This is for your convenience.
Ariel, that wonderful woman, showed me the way.
I just really liked the Google logo for Louis Braille's birthday today. Check it out. There's also all the old holiday logos, too.
I'm not sure if I've commented before about how holidays can really be overdone here, but they can be. Especially Western holidays. And most especially in the commercial sector.
Businesses seem just as willing, if not even more willing (if you can believe it) to prostrate themselves and do what it takes to obtain the mighty customer dollar here. In South Korea, this has gone as far as deeming 21 days in the year to celebrate love (or the lack of it).
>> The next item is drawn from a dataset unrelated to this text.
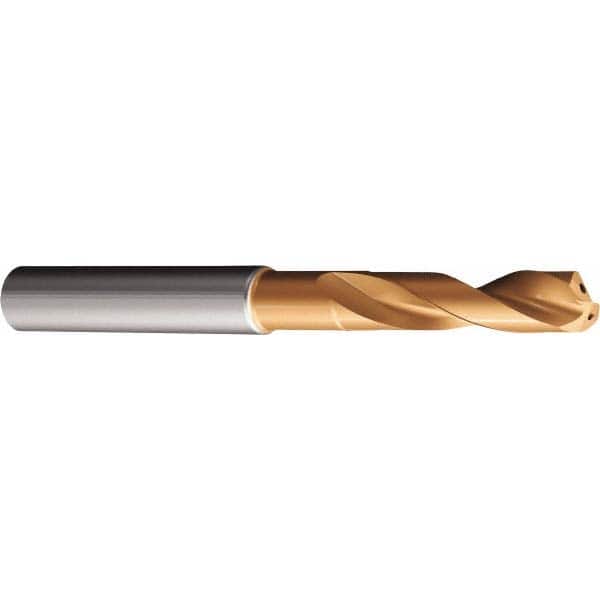 Sandvik Coromant - 1/8" 140° Spiral Flute Solid Carbide Screw Machine Drill Bit - Exact Tool & Supply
It all blossomed from Valentine's Day being so successful (where, in a change, women buy men chocolates, to which the men reply a month later on White Day with white candy), and has created a giant industry based on couples feeling they have to buy things for one another.
Diary Day. Red Day. Green Day (where the articles says couples dress in green and drink cheap liquor from green bottles. ???) Black Day, where singles eat black food (noodles with black sauce) to mark themselves as single...and to hopefully find love by eating black food with other singles. Yellow Day-Rose Day. Silver Day, where couples ask friends to give them money to go on a date. And of course, the number of days since they started dating.
Obviously, as the article states, this kind of ruthless capitalism in the name of love is hard on everyone - couples, as no one wants to lose face, so everyone buys buys buys, and singles, who feel the need to have someone, made especially hard by society telling them every month that they should have someone and reminding them they don't.
There is a lot of that pressure here to not be single. Even as a foreigner, I was told many times (before Chris and I started dating) that I should have a girlfriend, it was not good that I didn't. It's even worse for a girl here, in a society that believes that women are the property of the man's family once she marries. She doesn't even get to be in the family tree (although the law just changed on this last month) or see her family (traditionally), except for Chinese New Year's Day. Or maybe the day after. I don't remember which one. One day a year, anyway. The fact that companies have jumped on this only says two things to me: shrewd and disgusting. It's the same thing as the commercialization of Christmas back home (although that is rivaled out here, too. Exceeded, if you count the fact that less than 5% of the population is Christian.)
Love for sale, indeed.
Wonderful, wonderful news - I'm having my own solo photography show this weekend! It came up a little fast, as the gallery was thought to be closed, but then was found to be open. It's kinda neat that one can have an opportunity like this here, which is why I wanted to take advantage of it (even though there was a wee bit of prodding from friends) - almost anywhere else, possibly even in Taipei, I would not have felt that I could have done this. Too much competition, I guess, would be the main obstacle in my mind. However, it looks like it's going to work out.
The material will be my photos from my time here in Taiwan (and trips around). You've probably seen most of them in the galleries, quite honestly. The theme is Take a closer look, as I feel that that tends to be a focus with my photography. As those who have been with me when I'm taking pictures know, I tend to stop a lot and take a lot of pictures of things from a closer point of view than is typically considered, or find that different angle. Occasionally, I even try and take something routine and try and give it a new life. Sometimes it works. Sometimes it doesn't. (Well, often it doesn't, really.) Lana does this too, except better.
So, anyway, wish me luck! Should be an interesting experience, that's for certain.
Update: Looks like I jumped the gun here. We were told (saving face?) on Thursday that it was available, on Monday that it looked like it would happen, and on Tuesday that, well, it couldn't happen. Oh well. Another time. At least I'm basically ready for it now.
You may have seen it in the news or in mass emails going around, but today, you get a first-hand account.
I've been to the toilet restaurant.

The toilet restaurant (named Marton, which is phonetically close to matong, which I think is the Taiwanese way of saying toilet. All of the articles say Chinese, but none of the Chinese words for toilet I've heard (all three of them) sound like matong. I could also be very wrong, as they are the ones with the restaurant, not me) is only open in Kaohsiung, but has been pretty successful, having opened a second location since they first opened in May 2004. I happened to stumble upon both within two weeks of each other after not really having known about them. So the girl and I decided we'd have a try.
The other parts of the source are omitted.